Septiembre, 2025
José Emilio Pacheco escribió: “Me acuerdo no me acuerdo: ¿qué año era aquél?” Ahora que se cumplen 40 años del terremoto del 1985, recolectamos un coro de voces a las que les planteamos una pregunta: “Me acuerdo no me acuerdo: ¿en dónde estaba hace 40 años durante el temblor?, ¿qué recuerda de aquel sismo de 1985?, ¿cómo recuerda ese jueves 19 de septiembre, ese minuto y medio (diríamos hoy interminables)?” Esta fue la respuesta de Ethel Krauze.
La noche ha sido larga, vinosa y cigarrera, una pareja de amigos se queda a dormir la mona en la sala, pero se va de madrugada, sin que nos demos cuenta. Él y yo nos retiramos a la recámara, casi a rastras.
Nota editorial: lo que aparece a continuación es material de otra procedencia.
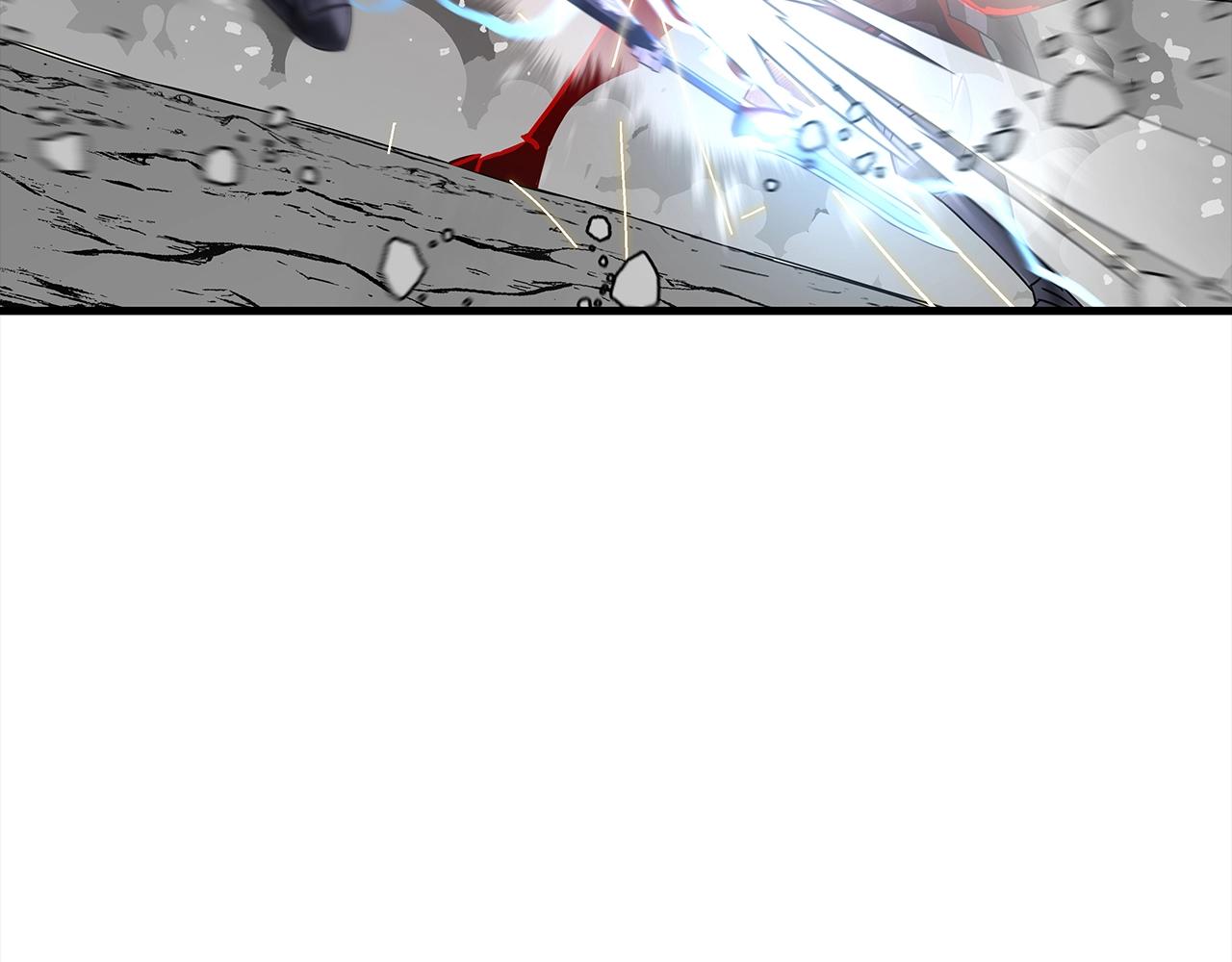 从士兵到团长要多久漫画,第94话 炸裂战场的一击2图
De pronto, el movimiento de unas olas feroces me saca del fondo del mar, mi barco está astillándose entre el buró y la pared, y el foco del sol, que no es sino la lámpara colgante del techo, una burbuja de cristal color ámbar, revolotea de un lado a otro con su ojo de cíclope.
—¡Mira, mira, mira! —le señalo la lámpara, él parece no entender, todavía no emerge de los sopores, oigo mi grito al tiempo que ya voy dando tumbos hacia el pasillo, siento que viene detrás de mí, diciéndome “espera, espera”, la sacudida es tan fuerte que no puedo avanzar, mi cuerpo se estrella contra las paredes del estrecho pasillo, buscando la puerta del departamento. Él trata de detenerme, me zafo de su brazo como si lo lanzara al infinito. No se acaba nunca, nunca. Éste sí es el naufragio, el fin. Éste sí, un edificio en la colonia Condesa, la Ciudad de México, 7:19 de septiembre de 1985.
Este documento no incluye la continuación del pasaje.